Friday, October 24, 2008
D. E. Stevenson and Mrs. Tim
D. E. Stevenson wrote her Mrs. Tim Christie books, a quartet of interwar novels written in the form of witty diary entries , after a friend read her amusing diary and suggested she “pep it up” and publish it as a novel. The four resulting novels, Mrs. Tim Christie (originally Mrs. Tim of the Regiment), Mrs. Tim Carries On, Mrs. Tim Gets a Job, and Mrs. Tim Flies Home, resemble E. M. Delafield’s Provincial Lady series, though Stevenson's are less telegraphic (and Dodie Smith's I Capture the Castle is possibly influenced by both). The diary genre was popular in the ‘30s and ‘40s, and perhaps the short entries made the domestic comedy seem more appealing and realistic because they fit the staccato routines of daily life.
Mrs. Tim, though a British officer’s wife, is not in the least military: rather, she is a tactful, often secretly mirthful, popular figure among the soldiers and their wives: her husband, Tim, has a dry sense of humor, though, like all husbands, he is obtuse about fashion and wonders why she can't keep wearing the same dress; their Tom-Sawyer-like son is away at a prep school; and their rambunctious daughter asks embarrassing questions when the meddling colonel's wife drops in to tea.
The entries, subtly hilarious, consist of a vivid, first-person narrative (if only we could all write diaries like this!). For instance on April 12 in Mrs.
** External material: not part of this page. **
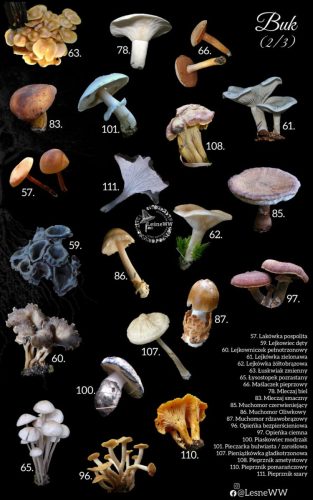 grzyby jadalne, a drzewa buk 2 3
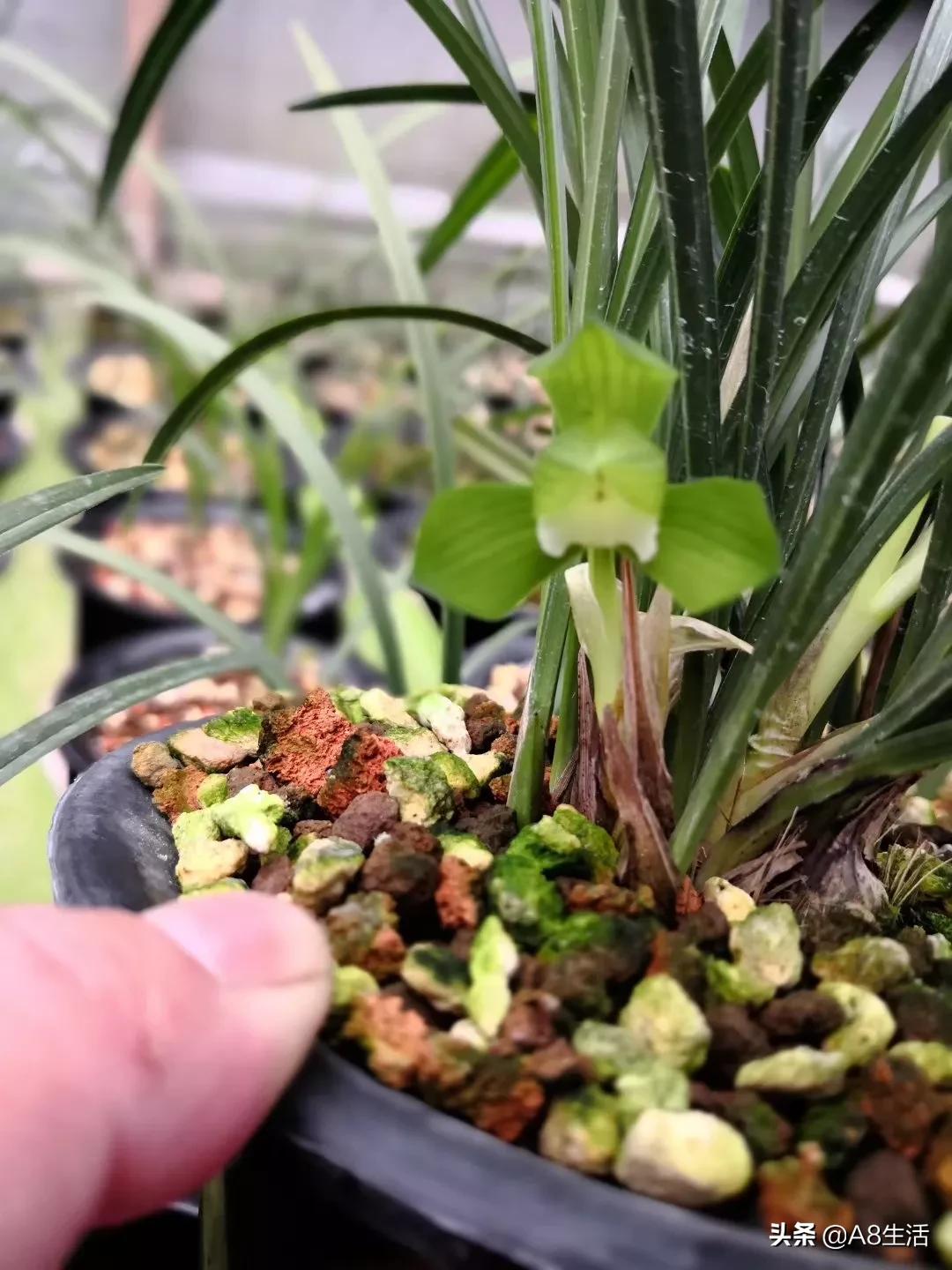 春兰张荷素兰花介绍,每日一品中国兰花春兰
Tim Christie (published in the 1930s):
“Sit down after dinner feeling very tired. Tim points out that I have done nothing all day to make me tired (which is true, in a way). He continues that I have no business to be tired. I have not got a crowd of half-boiled soldiers to plague my life out from morning to night. Am surprised at this statement (as Tim has been very keen on his territorilals up to now), but conclude that something must have occurred to upset him, and resign myslef to listen and sympathize instead of starting Sheila Kaye Smith’s latest novel, which I have just procured with vast trouble from the librfary.”
Compare this to an entry of Diary of a Provincial Lady Dec. 9 (published in 1931, a bit earlier than the Mrs. Tim books:
“Rose staying here two days before going on to London. Says All American houses are Always Warm, which annoys Robert. He says in return that All American houses are Grossly Overheated and Entirely Airless. Impossible not to feel taht this would carry more weight if Robert had ever been to America."
Stevenson and Delafield write gentle satires of family life, but I prefer D. E. Stevensons more expansive (and less snobbish) entries.
The Christie family adjusts to frequent moves, and much of the book is set in Scotland. Mrs. Tim and the Provincial Lady both have to cope with the servant problem, which few of us have had to contend with these days, but the British in novels have difficulties with governesses, cooks, etc. (And of course Monica Dickens, in One Pair of Hands, quits her cook job, because the employers are so unreasonable, so that's another way of looking at it) .
These are great winter books. Very addictive.